- _Work order_
Return the listing below exactly. Leave its pictures out.

- _Collected data_
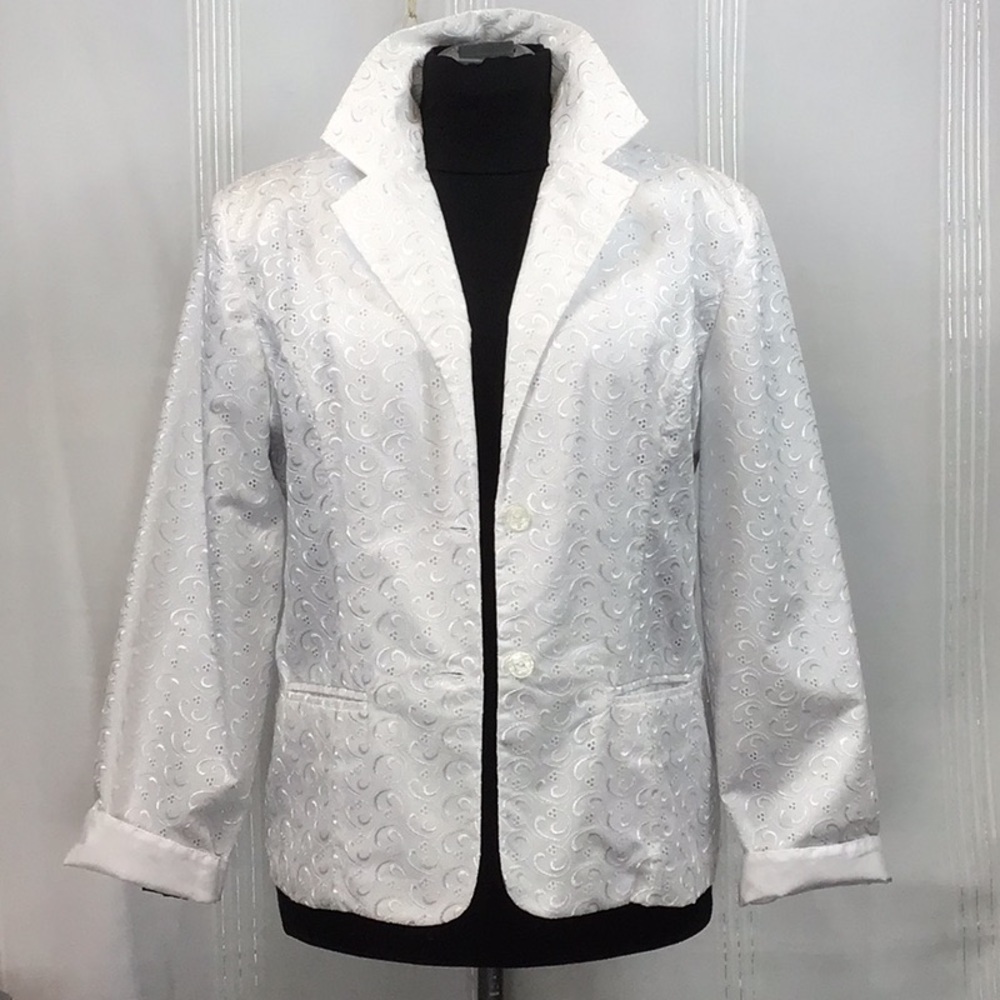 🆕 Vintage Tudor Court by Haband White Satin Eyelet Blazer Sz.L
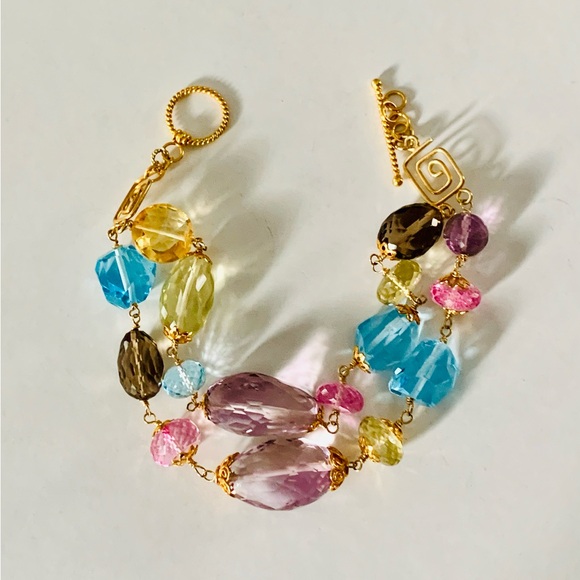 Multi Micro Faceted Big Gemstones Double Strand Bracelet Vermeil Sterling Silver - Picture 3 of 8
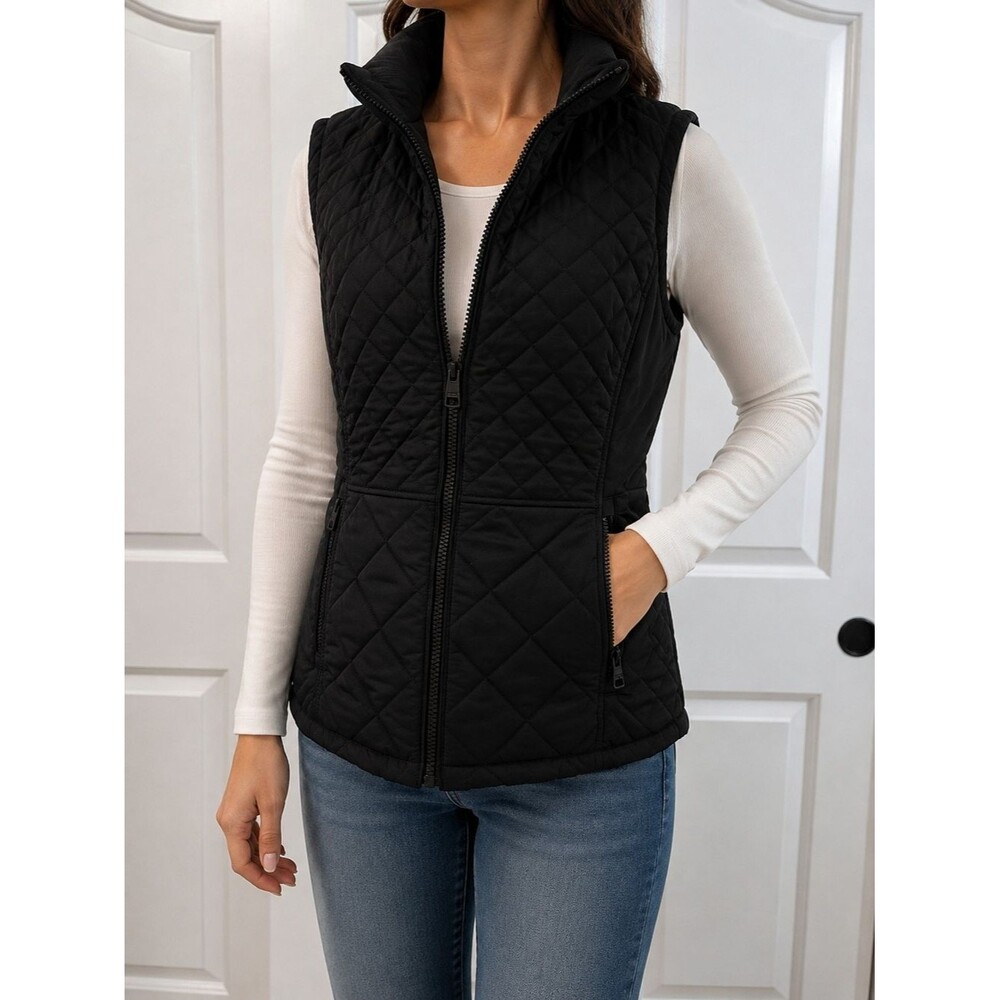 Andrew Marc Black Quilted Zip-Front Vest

- _The answer_
 🆕 Vintage Tudor Court by Haband White Satin Eyelet Blazer Sz.L
 Multi Micro Faceted Big Gemstones Double Strand Bracelet Vermeil Sterling Silver - Picture 3 of 8
 Andrew Marc Black Quilted Zip-Front Vest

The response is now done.